I explained the purpose of the series resistor. A series termination resistor in the range of 22 - 50 ohms should be located as close as possible to the AM335x MMC0_CLK pin to shift the clock distortion away from the looped back clock input buffer switching threshold.
What you observe on this signal depends on where you connected the probe, the bandwidth of your probe/scope, and quality of your scope probe ground.
You will need a very high bandwidth probe and scope to observe short over-shoot, under-shoot, and non-monotonic events on the signal. I recommend using a low capacitance FET probe with a very-very short low loop inductance ground.

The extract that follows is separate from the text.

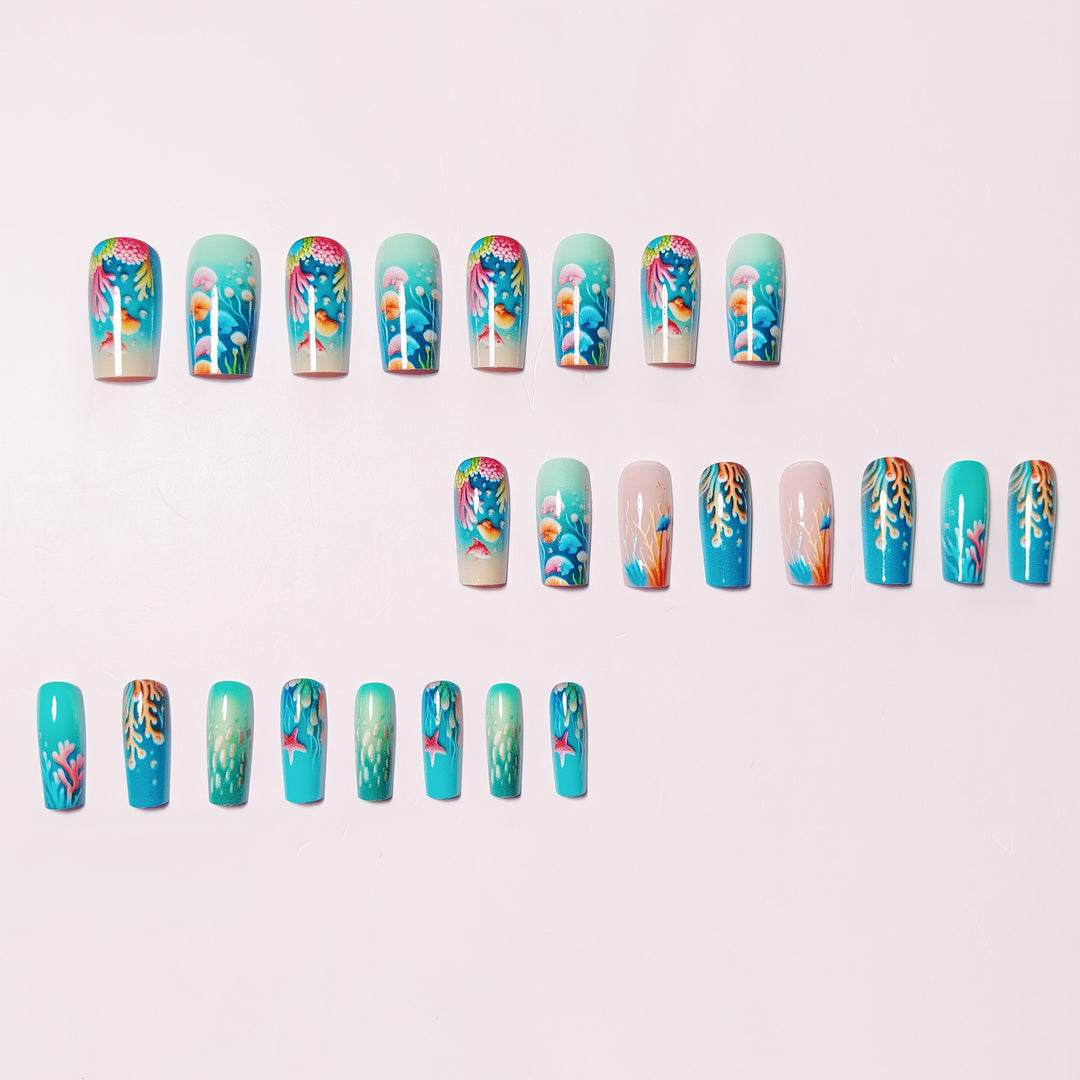 Artistic Nail Art Kalsten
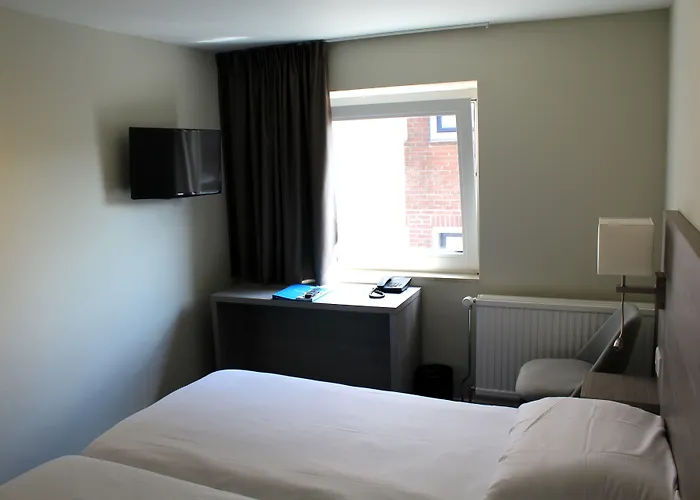 Fletcher Valkenburg 4*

You will see a mid-supply step on the signal when probing near the source. This occurs because the output impedance of the MMC0_CLK output buffer, series termination resistor, and characteristic impedance of the PCB signal trace creates a voltage divider. The voltage divider output is applied to the source end of the PCB signal trace. This voltage propagates down the trace to the far end where it encounters a high impedance load which causes a in-phase reflection that returns to the source. Therefore, the voltage transition observed on the far end will be a continuous transition between VSS and VDD. The is not the case for the source end, as it steps to a mid-supply determined by the voltage divider values and the transition only continues to VDD or VSS once the reflection returns from the far end. You need to select a series resistor value that allows the MMC0_CLK pin to step through the voltage of (VDDSHV4 / 2) without pause. I suggest the step observed on the MMC0_CLK pin should be at least 200mv above (VDDSHV4 / 2) on the rising edge and at least 200mv below (VDDSHV4 / 2) on the falling edge.